• **Data listing**:
= = = = = = =

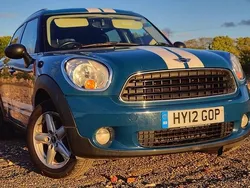 Used 2012 Mini Countryman SUV | £2,990 (Fair price)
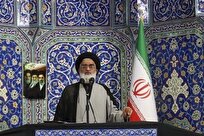 آمریکا قابل اعتماد نیست/ ملت ایران تابع رهنمودهای رهبری است
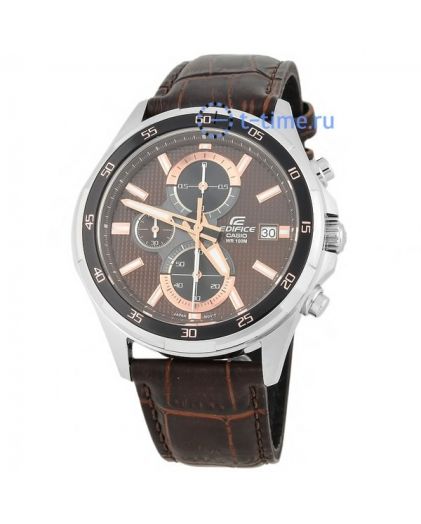 Часы CASIO Edifice EFR-531L-5A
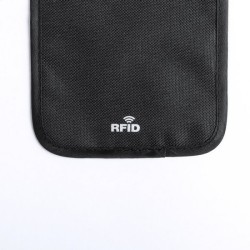 Pochette anti RFID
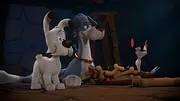 Idéfix et les Irréductibles S1 E38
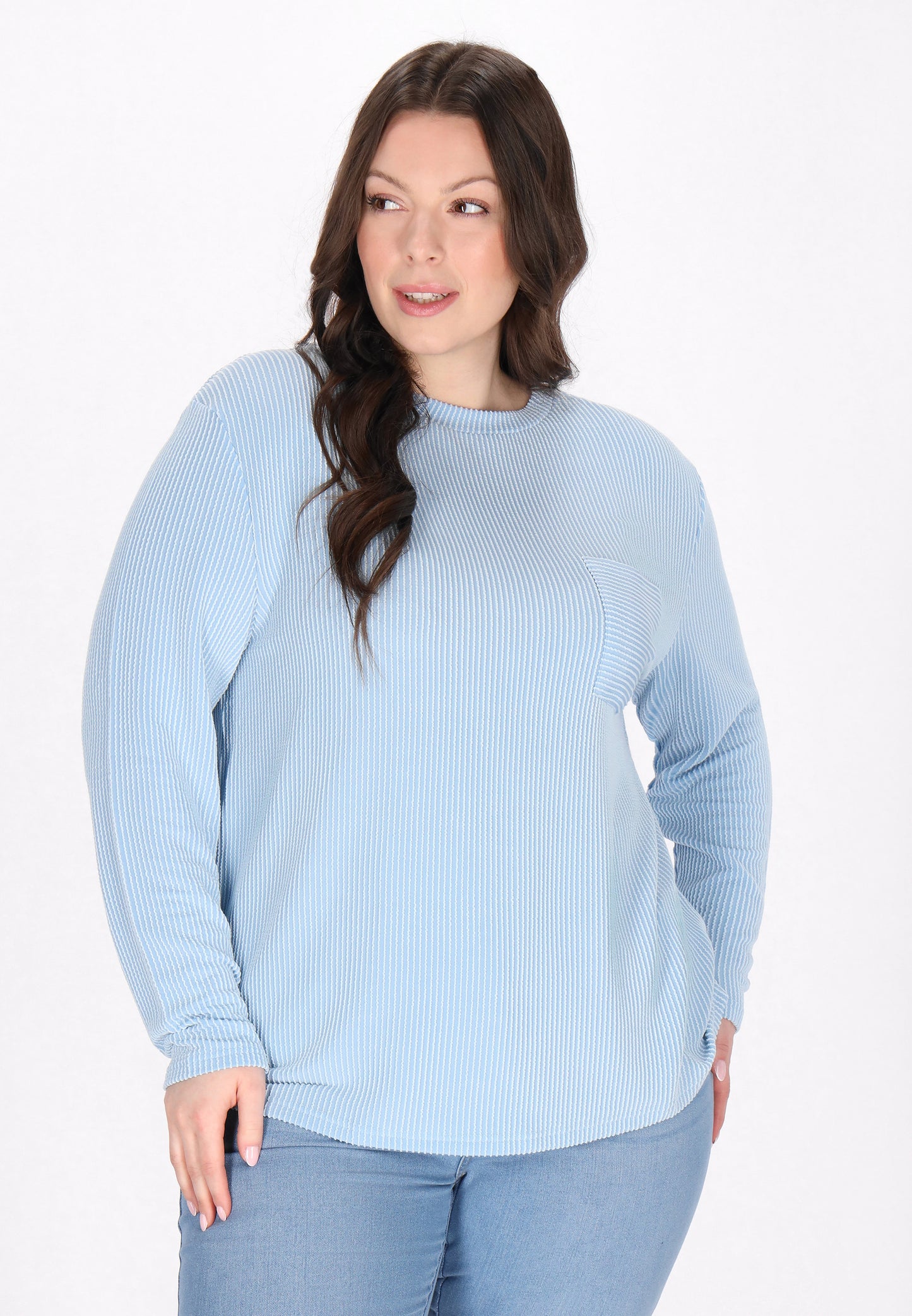Usha Women's Blouse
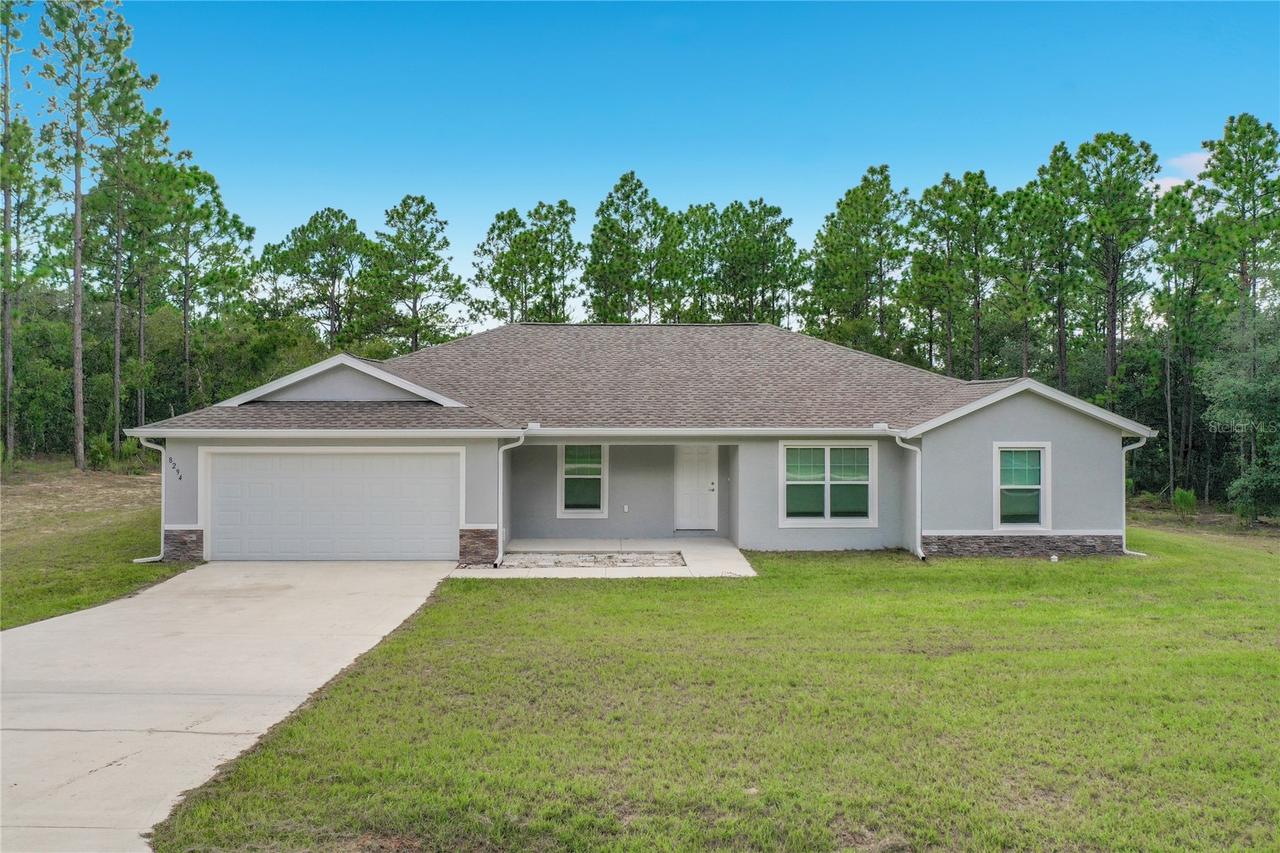 8294 SW 123rd Ter., Dunnellon, FL 34432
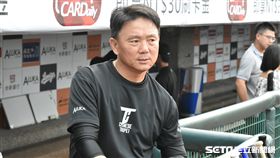 亞冠賽洪一中。（圖／記者王怡翔攝）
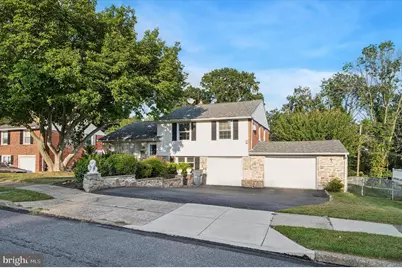 708 Cambridge Road, Brookhaven, PA 19015 - Photo 1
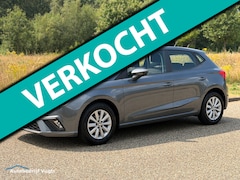 SEAT Ibiza - 1.0 TSI FR Business Intense *Rijklaar*Camera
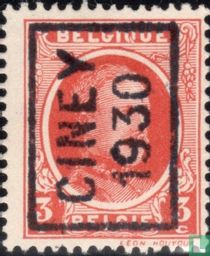 Le roi Albert I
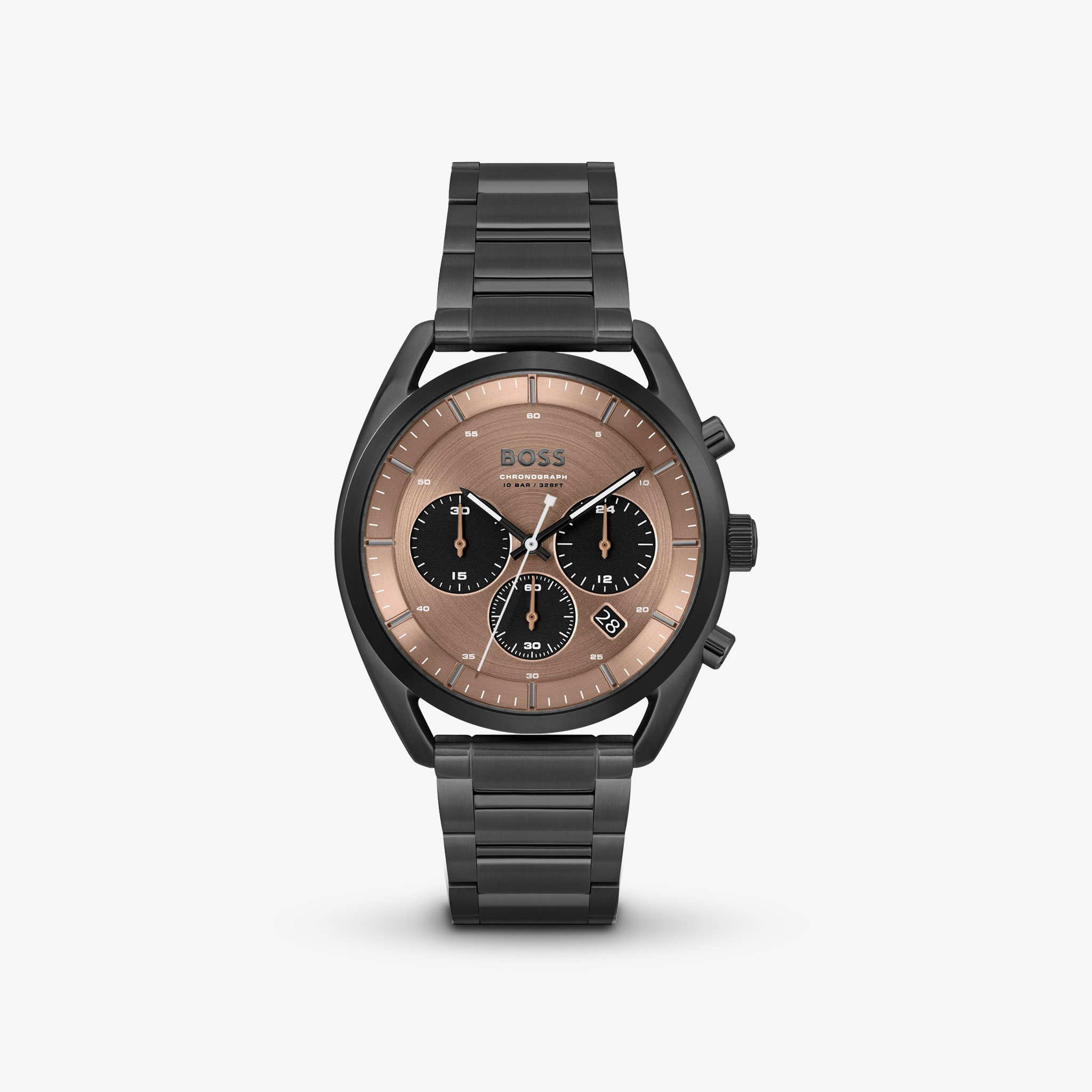 Hugo Boss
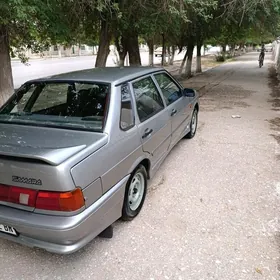 Lada 2115 2001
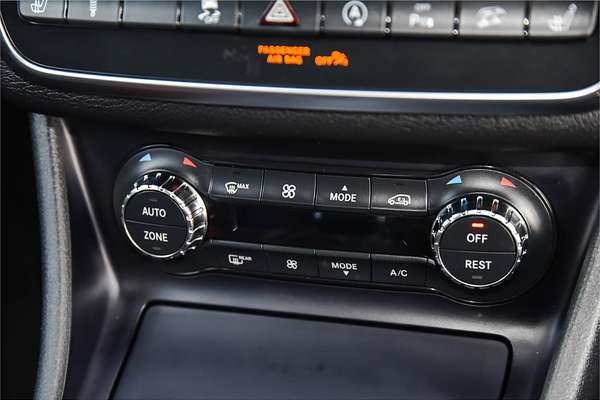 2016 Mercedes-Benz CLA-Class CLA45 AMG C117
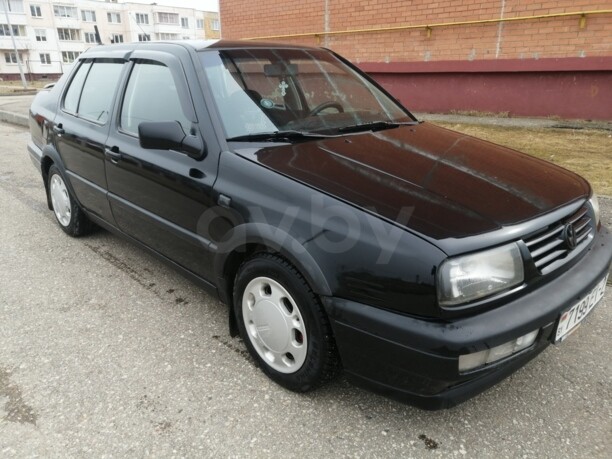 Volkswagen Vento, 1993 г.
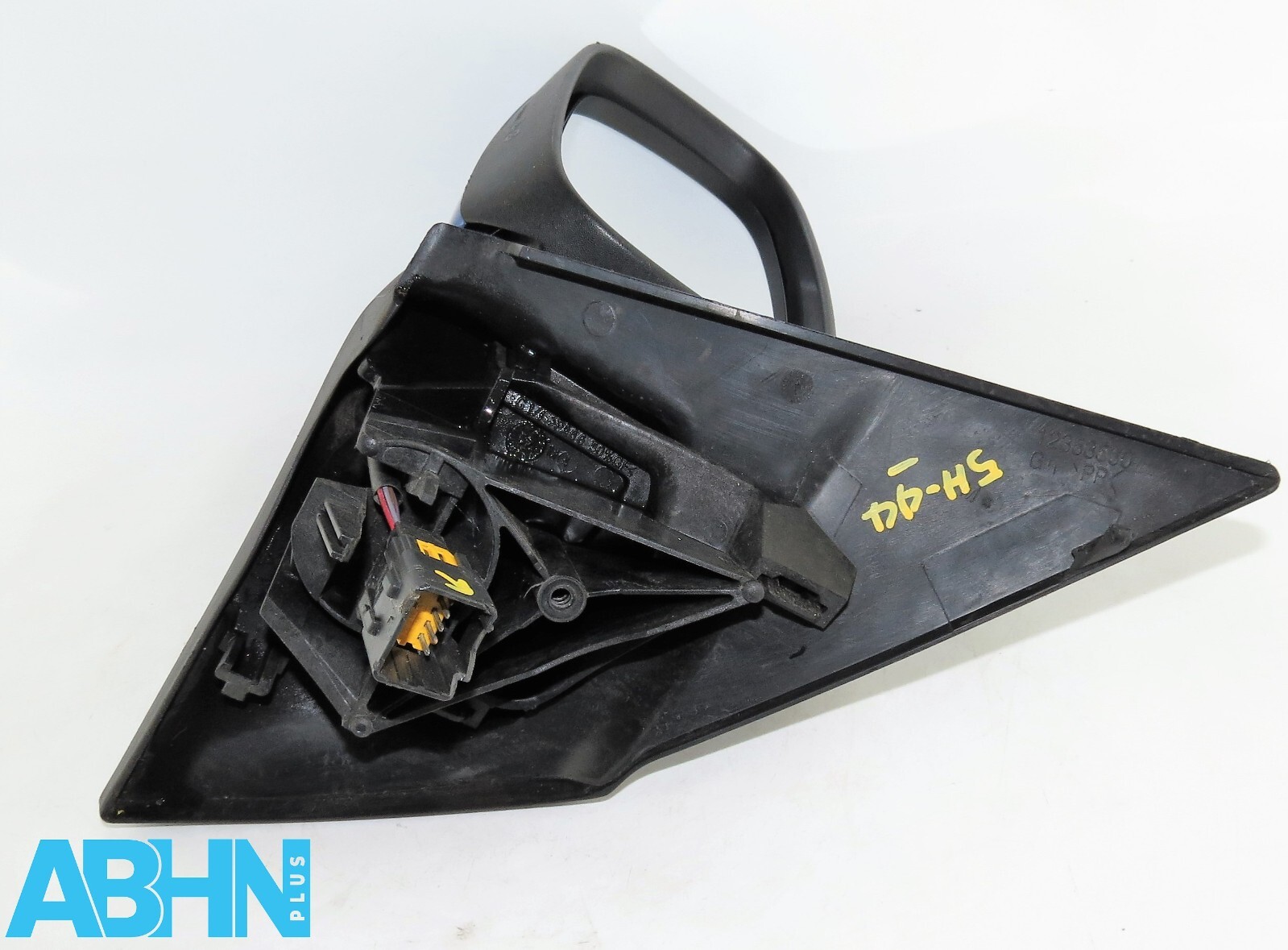 Renault Megane Convertible (03-09) Electric Heated Left Door Mirror Extreme Blue - Image 8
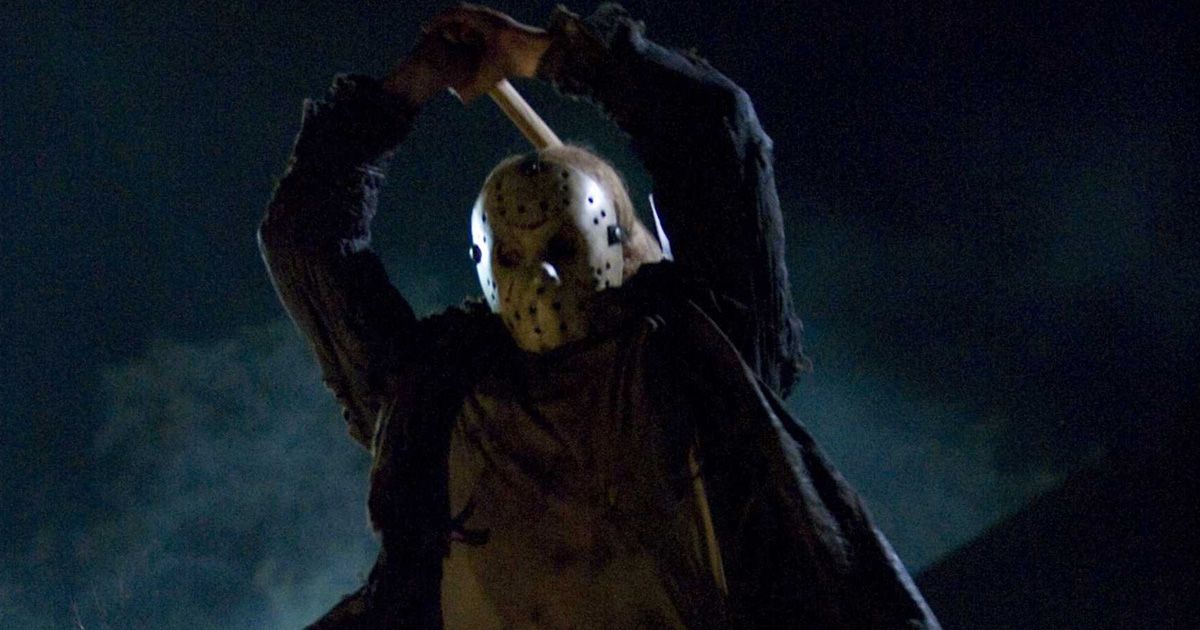 Friday the 13th 2009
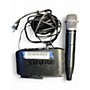 Used Shure GLDX4 Handheld Wireless System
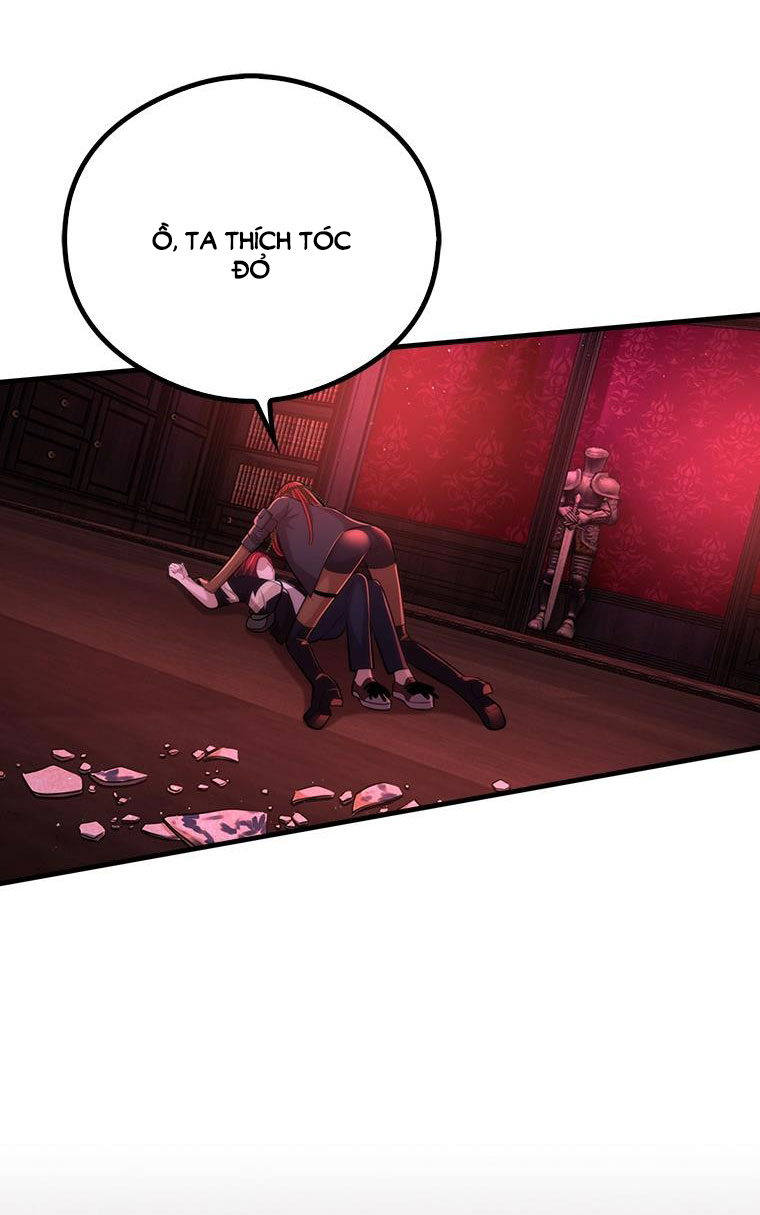 Khách Sạn Máu chapter 18.2 - Trang 24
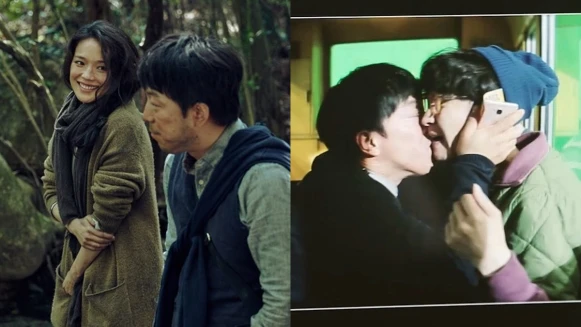 展開100多天的荒島求生…和女神舒淇玩自拍、奪張藝興螢幕初吻，黃渤網劇版《好戲一齣》9/27開播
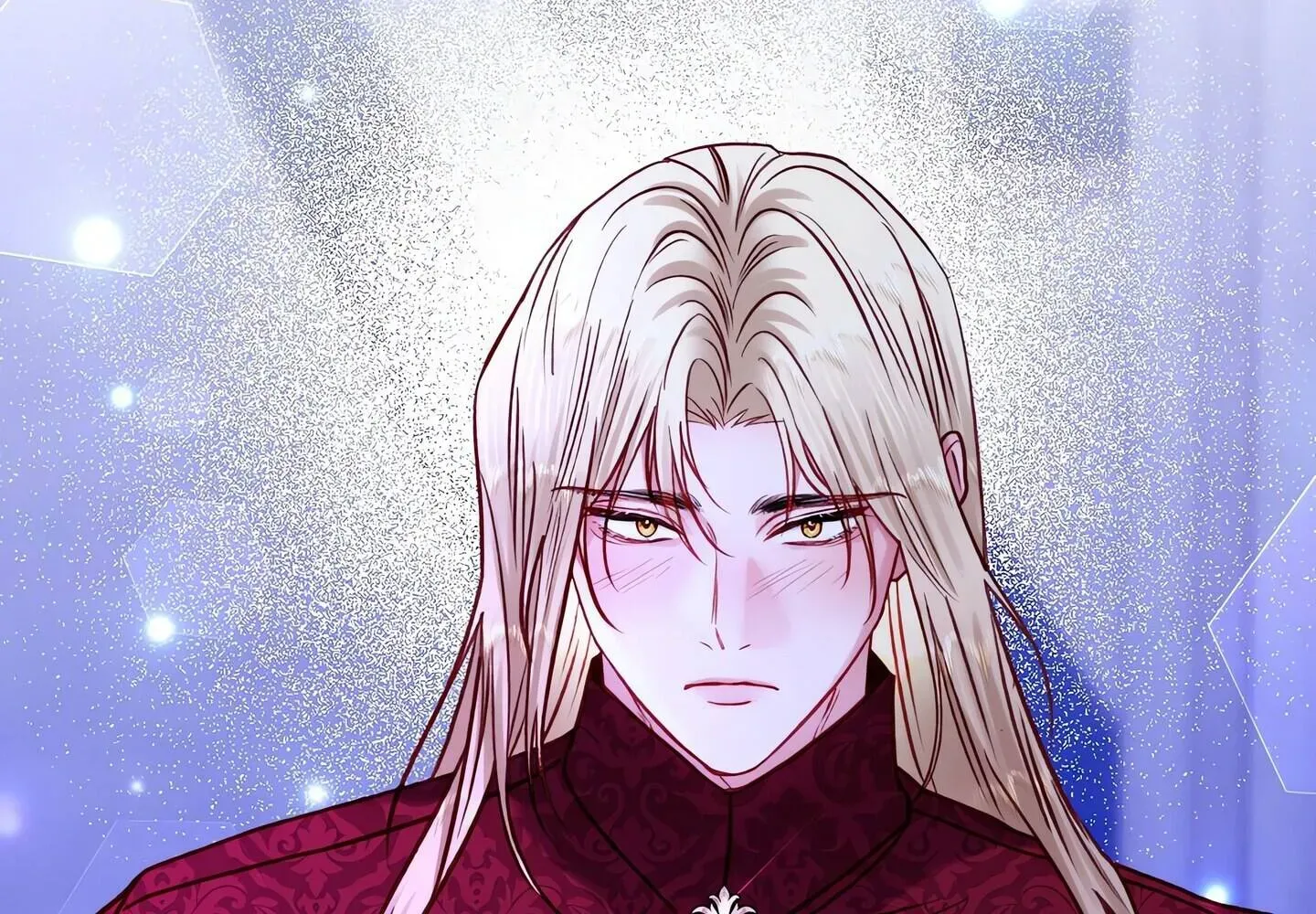 Hunks, Harems, and Hardcore Habits Chapter 32 page 175 - 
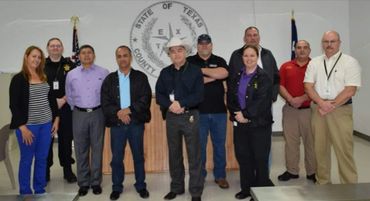 Local community programming and Texas based shows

= = = = = = =

• **Instructions for the task**: From the line containing "Часы CASIO Edifice EFR-531L-5A" to the last line of the material, every line is to be reproduced exactly. No picture belongs in the copy.

• **Solved exercise**:
 Часы CASIO Edifice EFR-531L-5A
 Pochette anti RFID
 Idéfix et les Irréductibles S1 E38
Usha Women's Blouse
 8294 SW 123rd Ter., Dunnellon, FL 34432
 亞冠賽洪一中。（圖／記者王怡翔攝）
 708 Cambridge Road, Brookhaven, PA 19015 - Photo 1
 SEAT Ibiza - 1.0 TSI FR Business Intense *Rijklaar*Camera
 Le roi Albert I
 Hugo Boss
 Lada 2115 2001
 2016 Mercedes-Benz CLA-Class CLA45 AMG C117
 Volkswagen Vento, 1993 г.
 Renault Megane Convertible (03-09) Electric Heated Left Door Mirror Extreme Blue - Image 8
 Friday the 13th 2009
 Used Shure GLDX4 Handheld Wireless System
 Khách Sạn Máu chapter 18.2 - Trang 24
 展開100多天的荒島求生…和女神舒淇玩自拍、奪張藝興螢幕初吻，黃渤網劇版《好戲一齣》9/27開播
 Hunks, Harems, and Hardcore Habits Chapter 32 page 175 - 
 Local community programming and Texas based shows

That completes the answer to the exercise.